On the point raised by the hon. Member for Easington (Grahame Morris), I agreed in Committee to consider raising the maximum penalty for harbour authorities guilty of failing to comply with their duties under the Bill—I think the right hon. Member for Hayes and Harlington (John McDonnell) was also referring to this—from a level 4 fine to an unlimited fine in England and Wales, or a level 5 fine in Scotland and Northern Ireland. On reflection, I decided to do so. That is why the Government tabled amendments 25, 26, 28 and 29 and subsection (6) of new clause 3.

These amendments will bring the penalties into line with those for service operators that commit an offence under the legislation. As hon. Members will remember, we discussed in Committee the possibility of a harbour authority also being an operator, which would create a discrepancy. We know that the reputational impact clearly did not stop P&O Ferries doing what it did, which is why we have this Bill.

To answer the right hon. Member for Hayes and Harlington, the fines will be levied on the company, and they will be unlimited fines, except in Scotland and Northern Ireland, where level 5 fines are limited by legislation—the devolved Administrations in Scotland and Northern Ireland have not yet changed their legislation, so it will be up to them to mirror these changes. This will send a strong message that harbour authorities must comply with their duties under legislation. I thank the noble Lord Tunnicliffe for his interest in the level of fines when the Bill was considered in the other place.

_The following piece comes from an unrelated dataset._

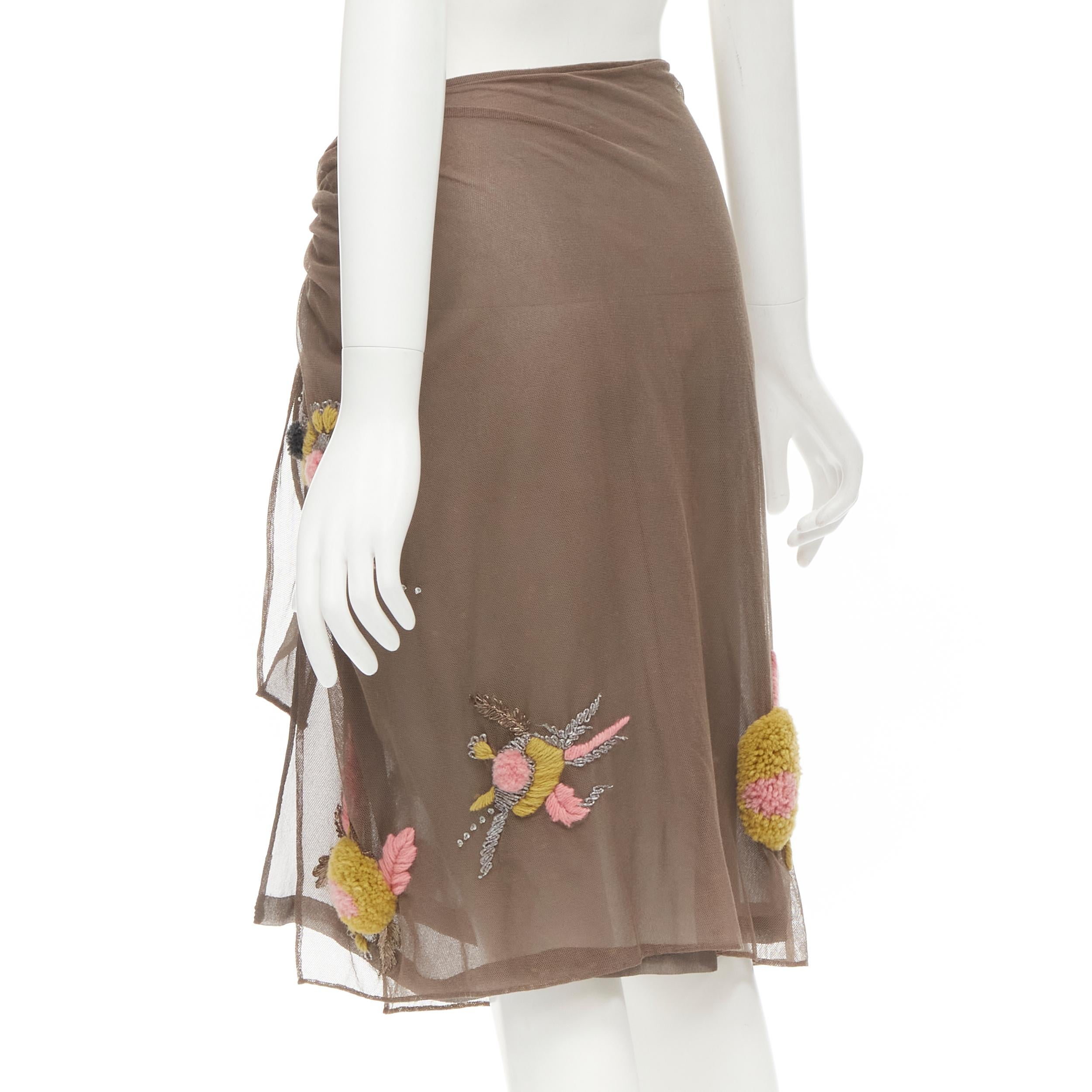 Brown DRIES VAN NOTEN Vintage brown mesh floral embodiery self tie wrap skirt FR40 M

Amendment 1 adds a regulation-making power to clause 1 to allow the Secretary of State to specify matters that must or must not be taken into account in determining whether provision for the carriage of persons or goods between two places by ship on two or more journeys constitutes a single service. Amendments 21 and 22 provide that this power is subject to the affirmative procedure.

The Bill applies to services for the carriage of persons or goods by ship, with or without vehicles, between a place outside the UK and a place inside the UK. The concept of service is not defined in the Bill, but it will be a question of fact whether ships on the same route are providing the same service, which will need to take account of all the circumstances of the particular case.

By adding a power to specify in regulations the factors that must or must not be taken into account in determining what is a service for the purpose of this Bill, we will be able to clarify the intended meaning of “service” if needed, such as if there is an inconsistency in interpretation across or between different harbour authorities and operators. This provision therefore allows the Department to react, if necessary, to how the definition of “service” is interpreted over time. This will ensure consistency in the application of the Bill, and it is therefore necessary for the effective implementation and delivery of policy objectives. Because the measure will be made through the affirmative procedure, hon. Members will be able to provide a degree of scrutiny.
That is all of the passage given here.